Si bien, la Biblia nos conmina a soportar con valor los sufrimientos, ¿por qué, en su infinita sabiduría, Dios nos pide también que nos hagamos parte en el dolor ajeno?. Personalmente, creo que para soportar necesito saber que no estoy sola, que hay alguien que comprende mi dolor, que lo ha vivido y lo ha superado, que existe un horizonte de esperanza que yo no logro ver pero que las palabras y gestos amorosos de aquel a quién le importo de veras, me harán sentir.
Vuelvo a preguntarme, ¿acaso, no tuvo Jesús una tristeza de muerte?, ¿acaso no se sintió abandonado también? Sin embargo, estoy segura que Dios padre, su amado ABBA, supo sellar en su alma, en el monte de los olivos, las palabras necesarias para que su Amado Hijo pudiera continuar con su misión y beber aquel amarguísimo cáliz.
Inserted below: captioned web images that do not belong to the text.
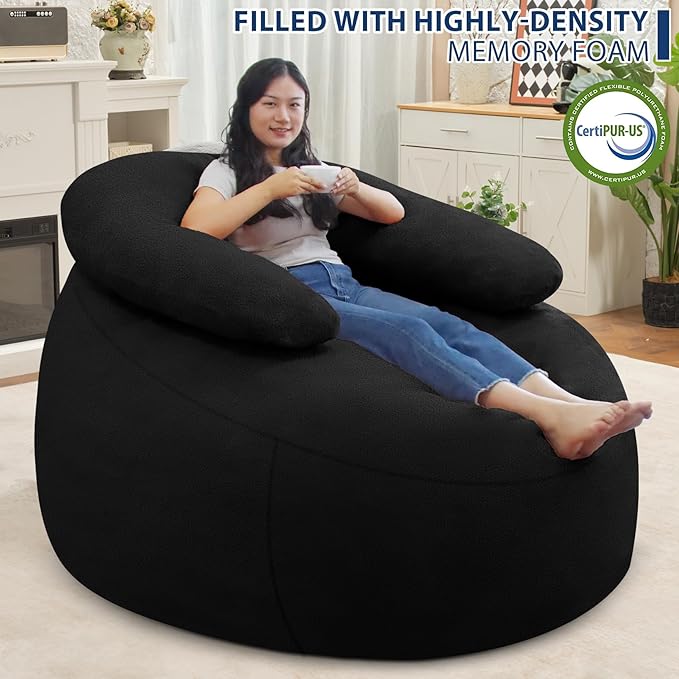 HABUTWAY Bean Bag Chair with U-Shaped Pillow for Adult and Kids Big BeanBag Chair with Filling Ultra Soft Teddy Fleece Couch Chair with Washable Cover for Living Room Bedroom Office, Black & Black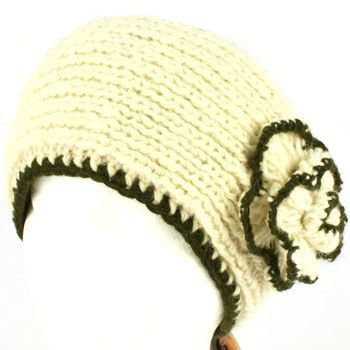 100% Winter 2 Tone Hand Knit Himalaya Headwrap Headband Fleece Lined Ski Ivory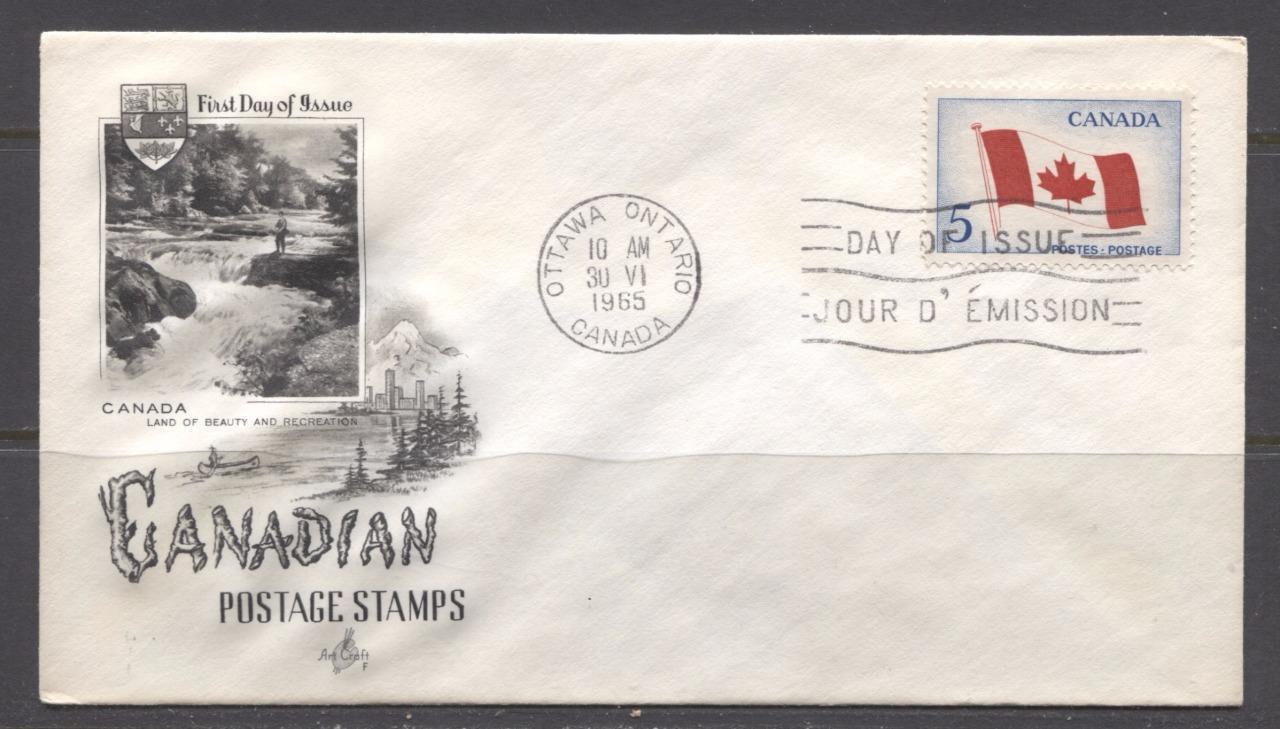 Canada #439i (SG#564) 1965 Canadian Flag Issue Art Craft First Day Cover XF-91 Brixton Chrome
Estoy segura de que Jesús tuvo un séquito de fieles acompañantes que lloraron con Él y que sufrieron casi en su propia carne, cada latigazo propinado a nuestro Señor.
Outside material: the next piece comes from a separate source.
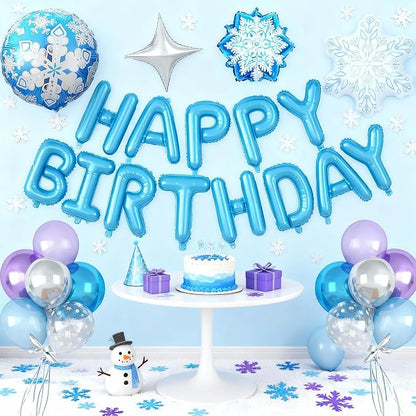 29PC Blue Winter Happy Birthday Balloon Banner, 16Inch 3D Aluminum Letter - Image 6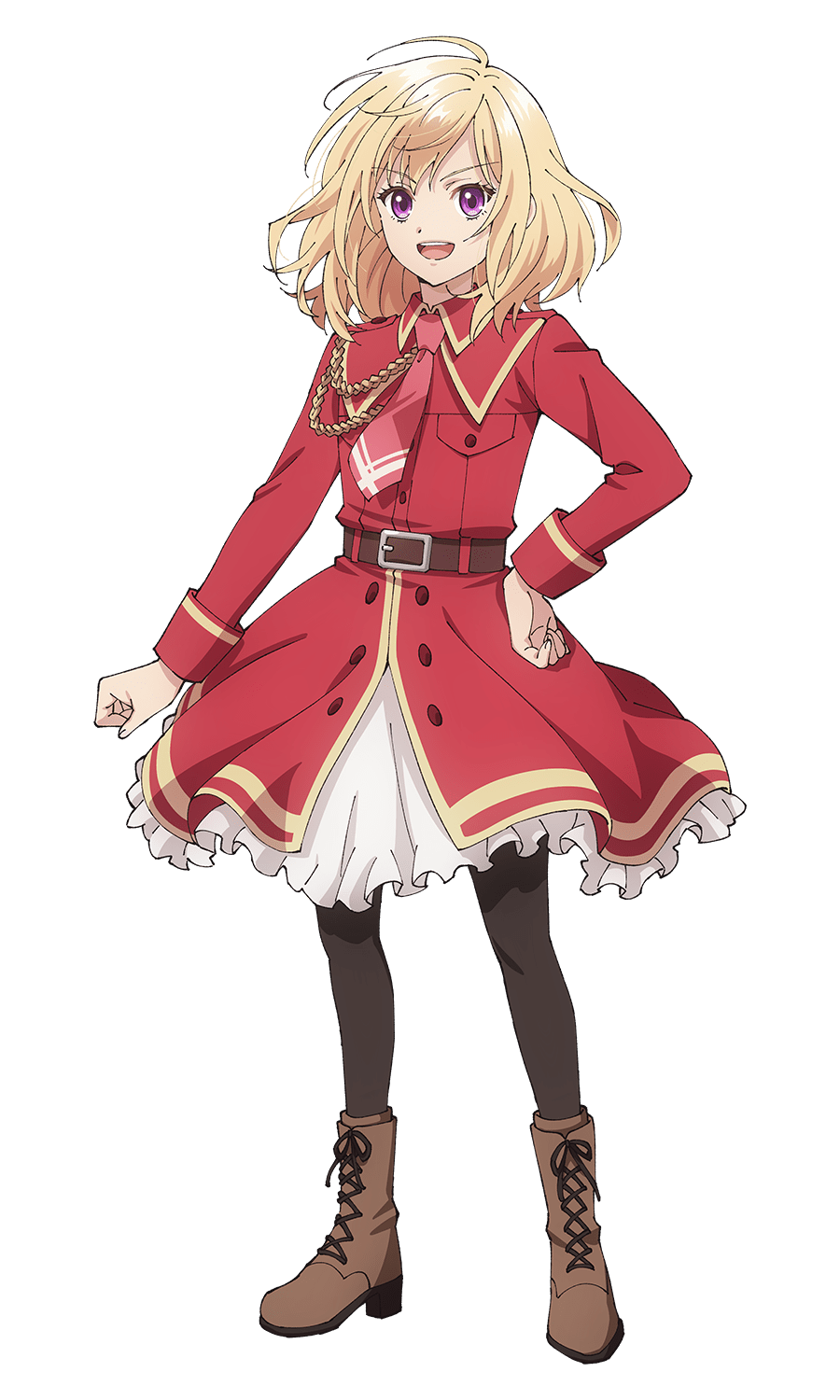 1girl, ahoge, anime_coloring, belt, black_pantyhose, blonde_hair, boots, brown_belt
Es más, ¿acaso, no hubo un Cireneo que ayudó a cargar la cruz, o una Verónica que se apiadó y limpió el sudor de su rostro?.
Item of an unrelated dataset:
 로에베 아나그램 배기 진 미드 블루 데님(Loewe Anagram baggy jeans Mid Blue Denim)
¿No habrías querido hacer lo mismo tú con Jesús?, ¿no habrías querido llevar su cruz o limpiar su rostro herido?. O, al verlo sufrir, habrías sido capaz de decirle: “¡vamos Jesús, tienes que aguantar, controla tu tristeza, tienes que salvarme!”. Creo que, ante la posibilidad de tenerlo cerca en aquellos terribles momentos para Jesús, pocos resistirían la idea de entregarle aunque fuera el más mínimo apoyo.
Entonces, ¿qué harás la próxima vez que tu prójimo abra su corazón y te muestre su dolor? ¿Tendrás la arrogancia o la suficiente indiferencia para decirle: “¡basta, no llores, contrólate, tienes que superarlo!?”. Aún sin sentir su dolor, ¿podrás ser capaz de ayudarle a llevar su cruz o de secar sus lágrimas?, ¿tendrás las palabras amorosas para demostrarle que hay esperanzas?
Si ni siquiera has abierto los ojos para ver su dolor, para comprender sus lágrimas.
Te invito a abrir tu corazón también y recordar tus propios momentos de dolor. ¿No te hubiese gustado tener un hombro que recibiera tus lágrimas?, ¿no recibiste una palabra sincera de aliento?. Te aseguro que no lo superaste solo, detrás del sufrimiento y de la superación de este, siempre está Dios, que se manifiesta a través de personas, hechos o de la misma naturaleza. Piensa un segundo y considera que Dios te ha puesto a ti como Cireneo, para llevar la cruz de tu hermano. ¿Qué harás?, ¿te burlarás de él y le dirás que se salve a si mismo? o, ¿le ofrecerás un espacio en tu alma para encontrar esperanzas, comprendiendo su dolor?